Exercise: The expected copy holds every entry exactly and none of the pictures.

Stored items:

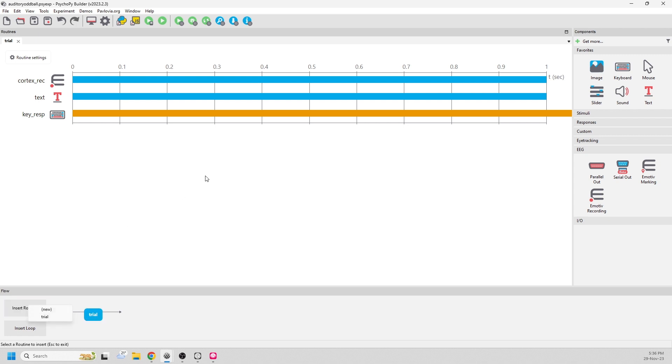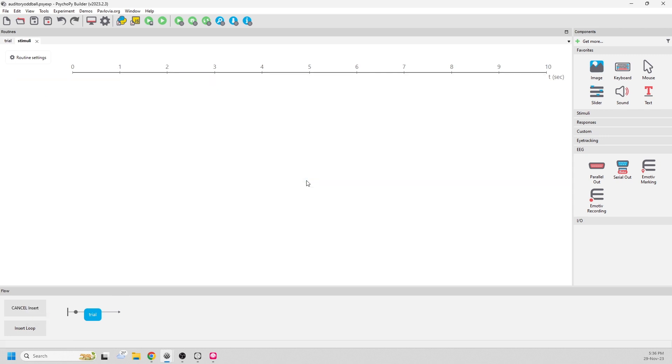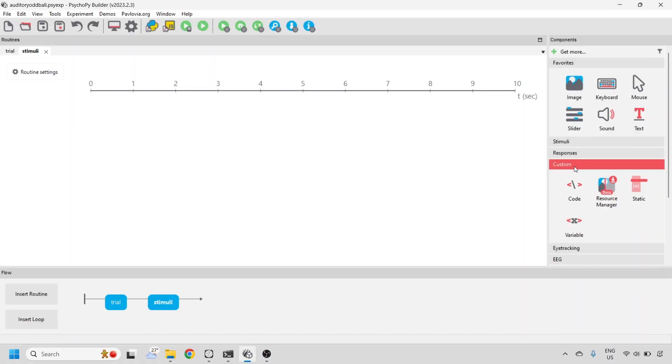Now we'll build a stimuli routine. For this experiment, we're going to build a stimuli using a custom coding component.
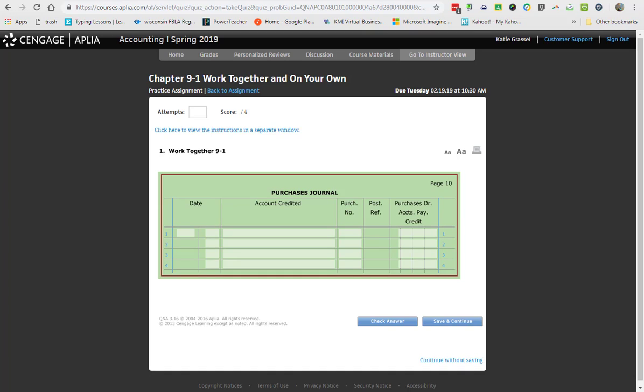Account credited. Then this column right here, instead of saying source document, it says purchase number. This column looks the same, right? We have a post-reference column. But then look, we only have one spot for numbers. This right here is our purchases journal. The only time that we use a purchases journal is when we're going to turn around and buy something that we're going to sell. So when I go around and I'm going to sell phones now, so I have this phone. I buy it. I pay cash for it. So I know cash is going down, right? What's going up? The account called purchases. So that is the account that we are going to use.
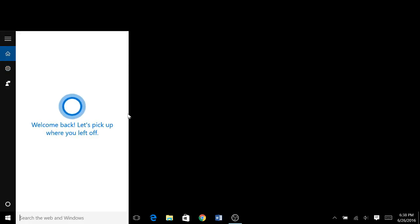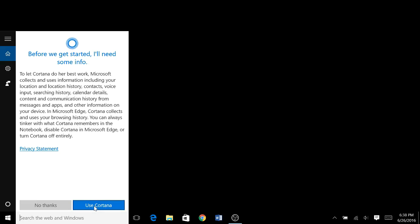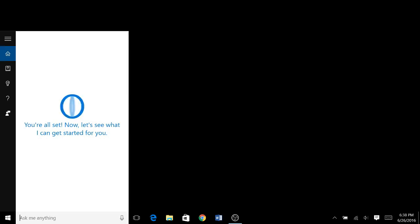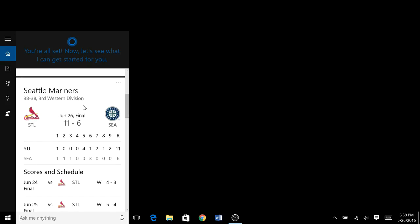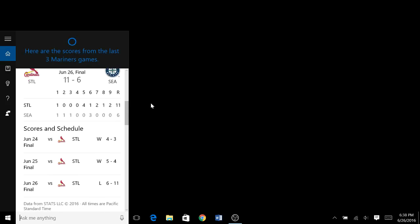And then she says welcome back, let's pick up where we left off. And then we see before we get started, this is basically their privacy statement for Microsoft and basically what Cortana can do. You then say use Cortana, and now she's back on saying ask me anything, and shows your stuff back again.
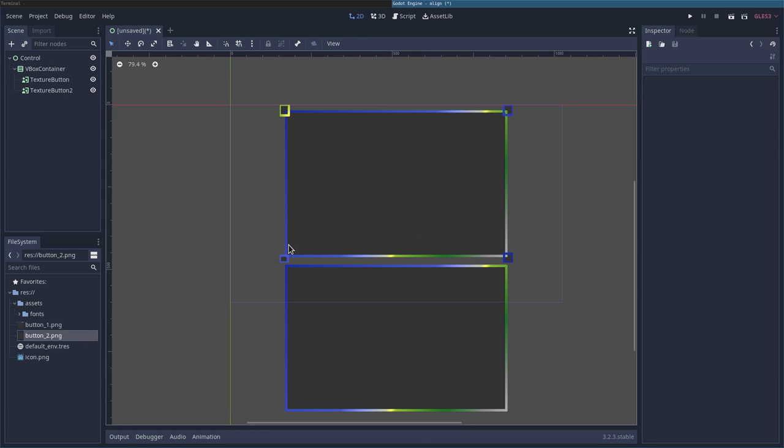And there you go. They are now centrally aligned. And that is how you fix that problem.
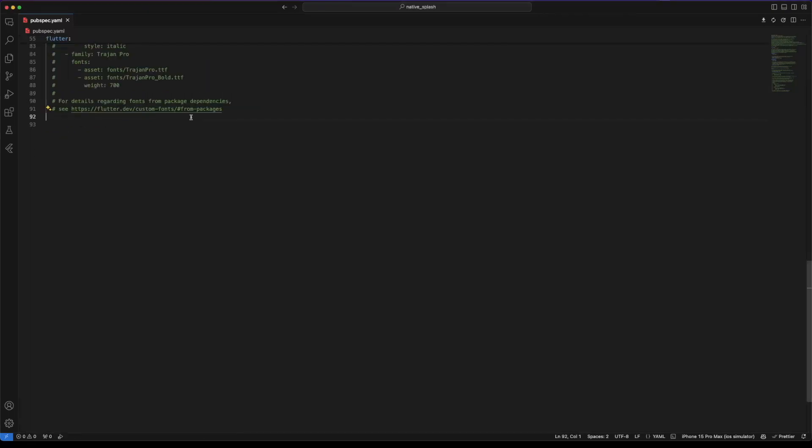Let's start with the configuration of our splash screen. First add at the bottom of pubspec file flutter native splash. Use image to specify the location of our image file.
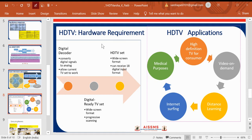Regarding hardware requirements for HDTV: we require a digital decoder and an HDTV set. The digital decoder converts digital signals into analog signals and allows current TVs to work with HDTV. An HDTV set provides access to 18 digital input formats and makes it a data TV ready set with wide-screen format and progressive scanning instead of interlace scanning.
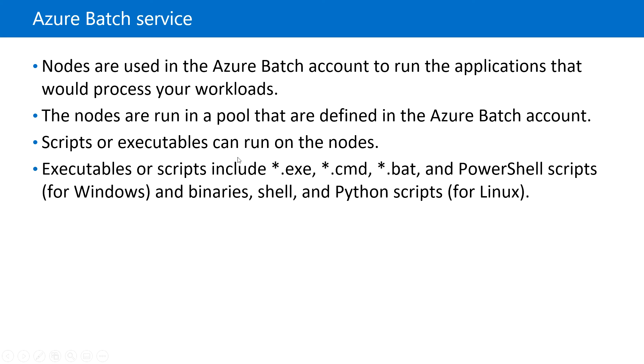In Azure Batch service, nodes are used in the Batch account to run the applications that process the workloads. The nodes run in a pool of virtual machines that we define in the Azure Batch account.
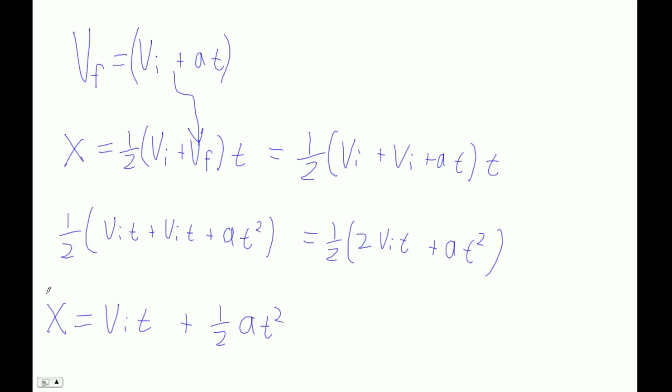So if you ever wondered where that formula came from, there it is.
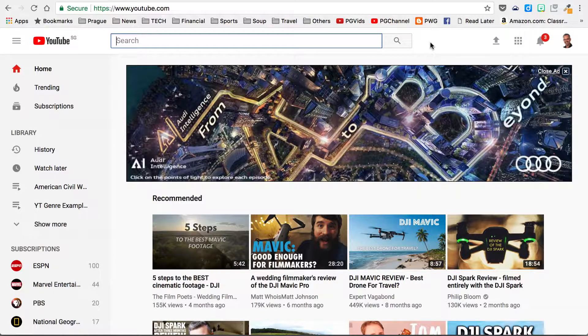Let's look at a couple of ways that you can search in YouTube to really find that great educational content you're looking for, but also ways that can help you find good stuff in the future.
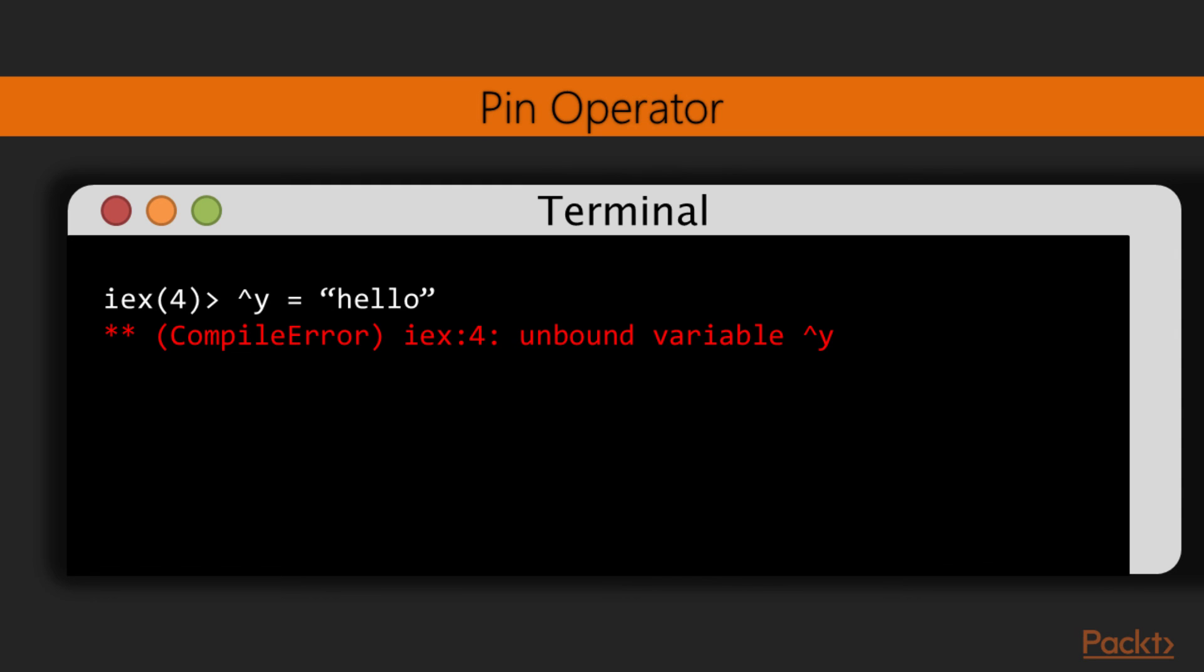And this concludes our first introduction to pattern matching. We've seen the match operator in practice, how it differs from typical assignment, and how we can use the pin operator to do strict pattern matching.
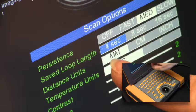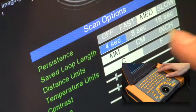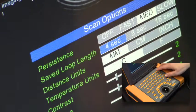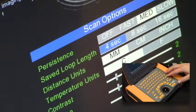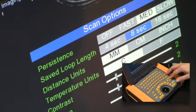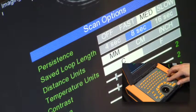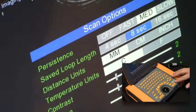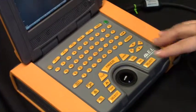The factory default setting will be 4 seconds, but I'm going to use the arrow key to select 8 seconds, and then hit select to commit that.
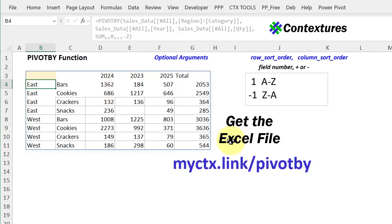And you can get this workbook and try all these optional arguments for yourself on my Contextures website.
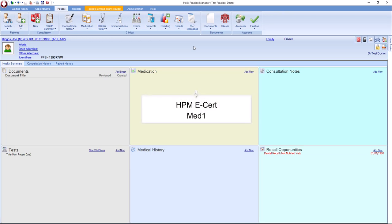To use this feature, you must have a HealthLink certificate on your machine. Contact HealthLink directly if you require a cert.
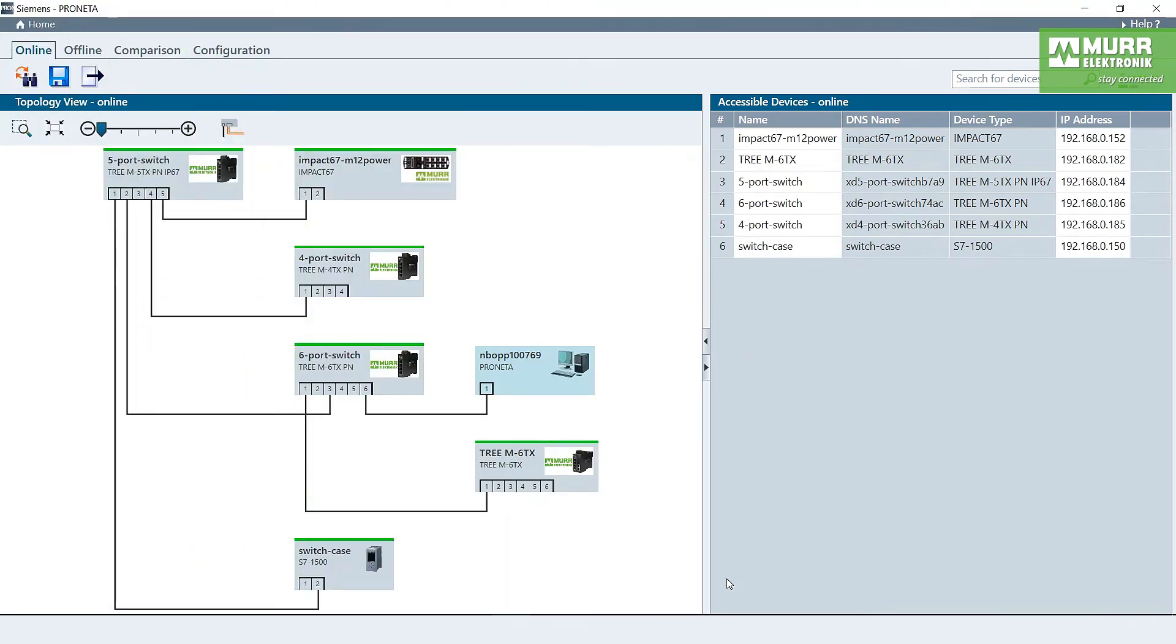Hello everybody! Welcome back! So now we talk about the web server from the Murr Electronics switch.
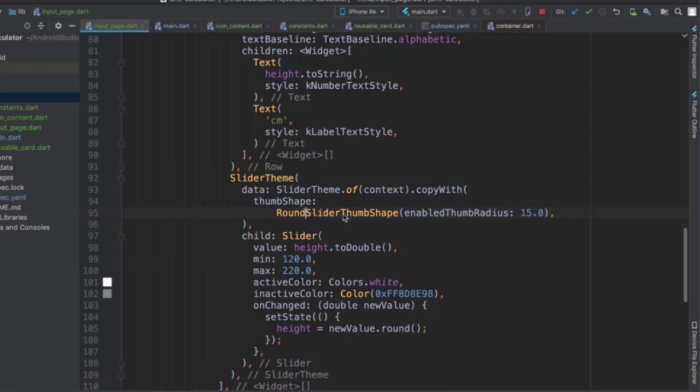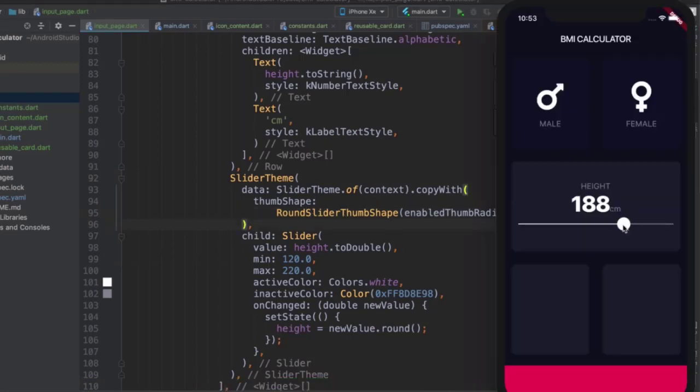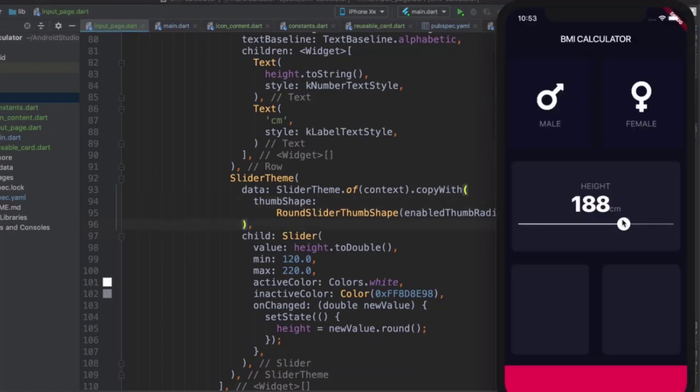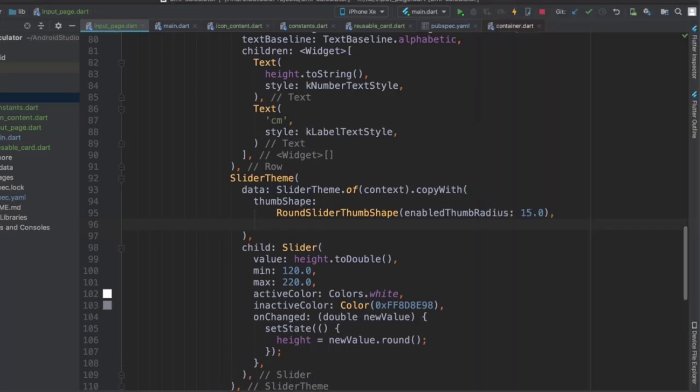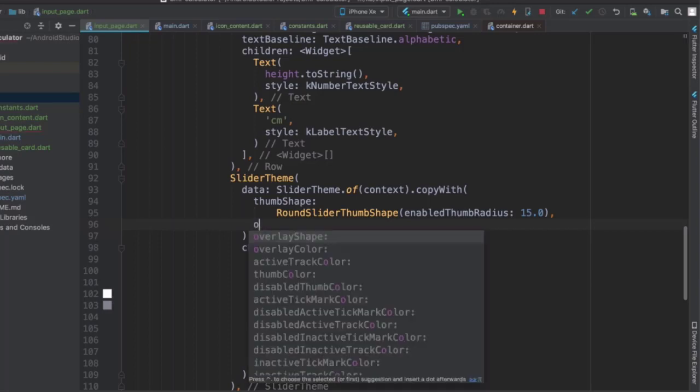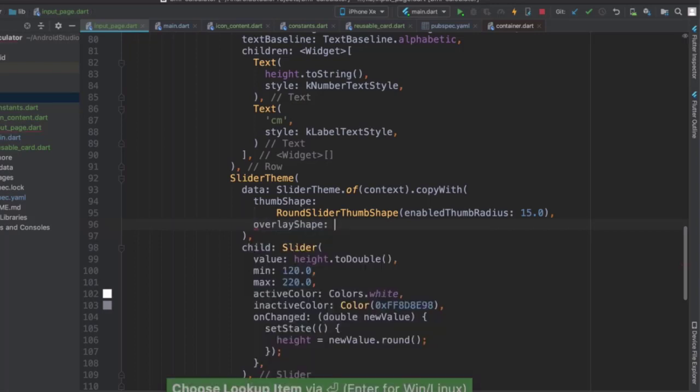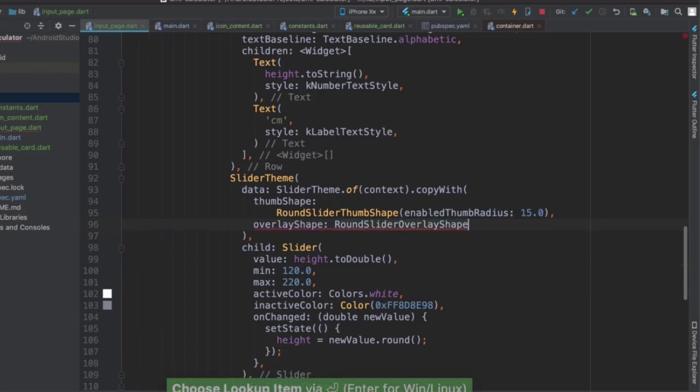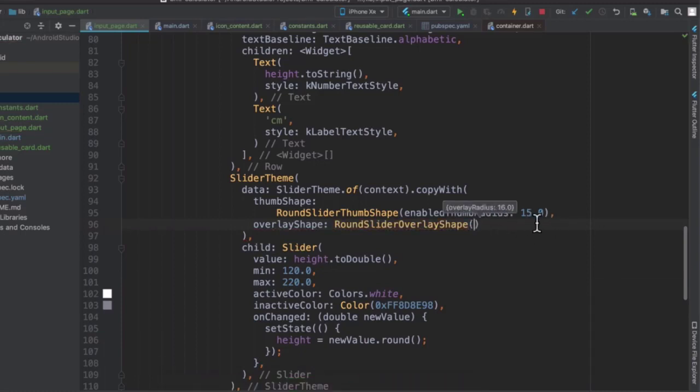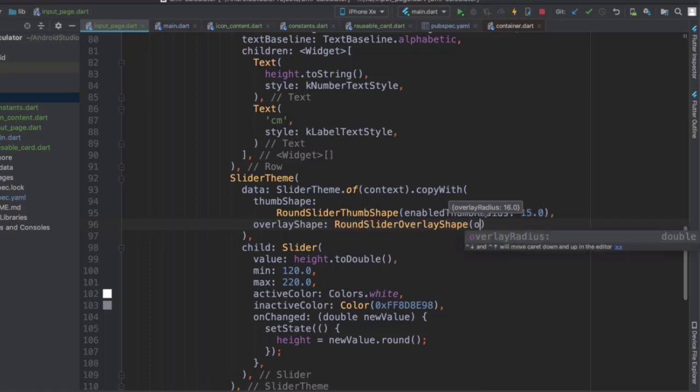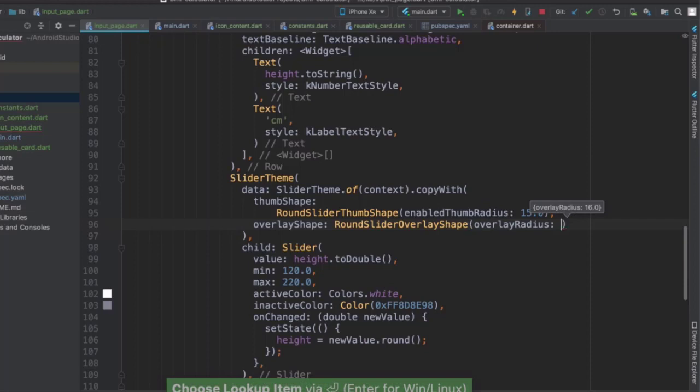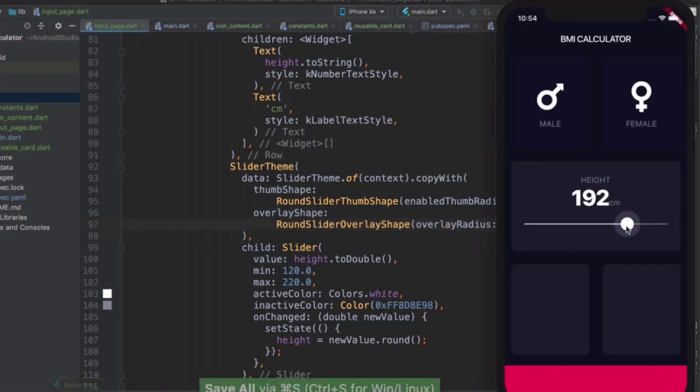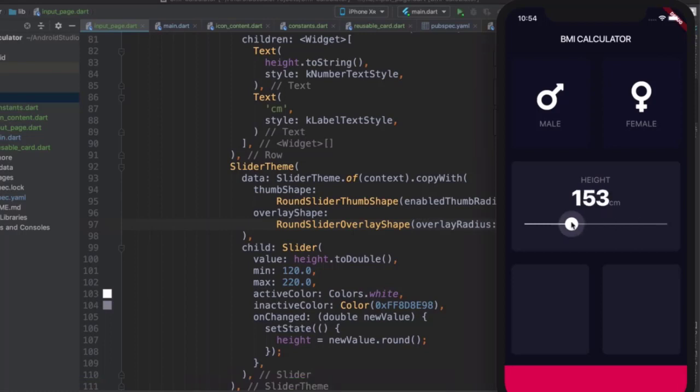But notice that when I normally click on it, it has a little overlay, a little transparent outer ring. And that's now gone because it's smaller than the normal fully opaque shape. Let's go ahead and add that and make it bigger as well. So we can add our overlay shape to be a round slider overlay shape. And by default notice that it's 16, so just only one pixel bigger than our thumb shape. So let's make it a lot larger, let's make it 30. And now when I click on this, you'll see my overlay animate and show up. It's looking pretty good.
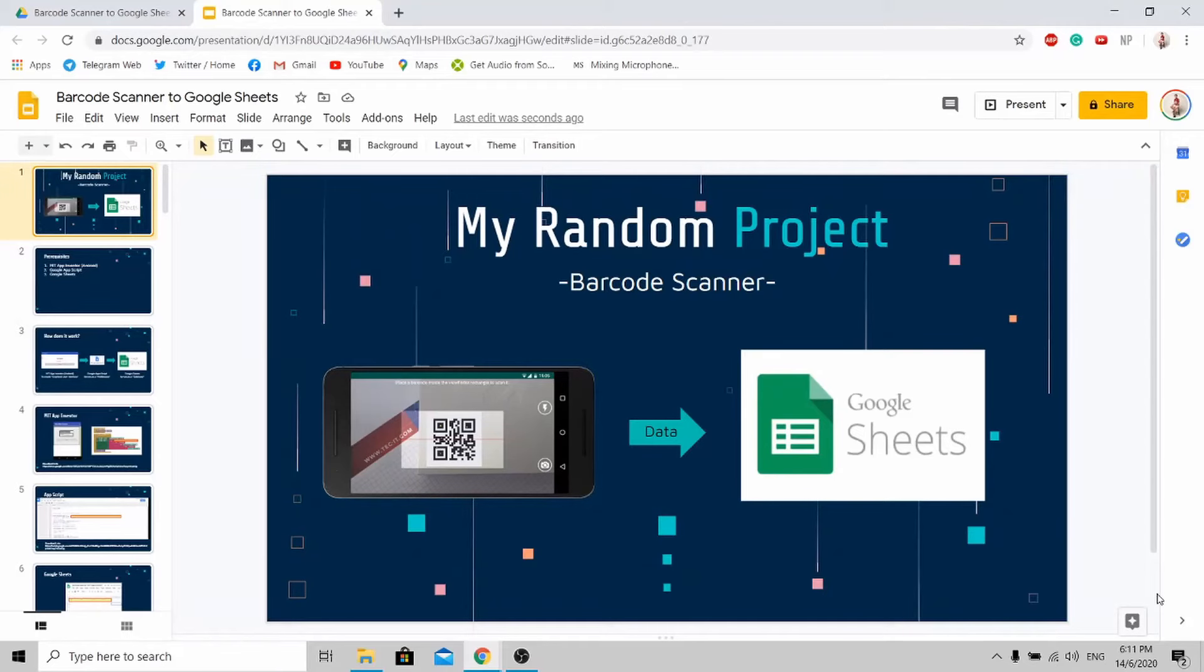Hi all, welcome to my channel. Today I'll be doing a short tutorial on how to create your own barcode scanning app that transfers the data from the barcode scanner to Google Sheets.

Exercise result:
Now we'll build a stimuli routine. For this experiment, we're going to build a stimuli using a custom coding component.
Account credited. Then this column right here, instead of saying source document, it says purchase number. This column looks the same, right? We have a post-reference column. But then look, we only have one spot for numbers. This right here is our purchases journal. The only time that we use a purchases journal is when we're going to turn around and buy something that we're going to sell. So when I go around and I'm going to sell phones now, so I have this phone. I buy it. I pay cash for it. So I know cash is going down, right? What's going up? The account called purchases. So that is the account that we are going to use.
And then she says welcome back, let's pick up where we left off. And then we see before we get started, this is basically their privacy statement for Microsoft and basically what Cortana can do. You then say use Cortana, and now she's back on saying ask me anything, and shows your stuff back again.
And there you go. They are now centrally aligned. And that is how you fix that problem.
Let's start with the configuration of our splash screen. First add at the bottom of pubspec file flutter native splash. Use image to specify the location of our image file.
Regarding hardware requirements for HDTV: we require a digital decoder and an HDTV set. The digital decoder converts digital signals into analog signals and allows current TVs to work with HDTV. An HDTV set provides access to 18 digital input formats and makes it a data TV ready set with wide-screen format and progressive scanning instead of interlace scanning.
In Azure Batch service, nodes are used in the Batch account to run the applications that process the workloads. The nodes run in a pool of virtual machines that we define in the Azure Batch account.
So if you ever wondered where that formula came from, there it is.
Let's look at a couple of ways that you can search in YouTube to really find that great educational content you're looking for, but also ways that can help you find good stuff in the future.
And this concludes our first introduction to pattern matching. We've seen the match operator in practice, how it differs from typical assignment, and how we can use the pin operator to do strict pattern matching.
The factory default setting will be 4 seconds, but I'm going to use the arrow key to select 8 seconds, and then hit select to commit that.
And you can get this workbook and try all these optional arguments for yourself on my Contextures website.
To use this feature, you must have a HealthLink certificate on your machine. Contact HealthLink directly if you require a cert.
Hello everybody! Welcome back! So now we talk about the web server from the Murr Electronics switch.
But notice that when I normally click on it, it has a little overlay, a little transparent outer ring. And that's now gone because it's smaller than the normal fully opaque shape. Let's go ahead and add that and make it bigger as well. So we can add our overlay shape to be a round slider overlay shape. And by default notice that it's 16, so just only one pixel bigger than our thumb shape. So let's make it a lot larger, let's make it 30. And now when I click on this, you'll see my overlay animate and show up. It's looking pretty good.
Hi all, welcome to my channel. Today I'll be doing a short tutorial on how to create your own barcode scanning app that transfers the data from the barcode scanner to Google Sheets.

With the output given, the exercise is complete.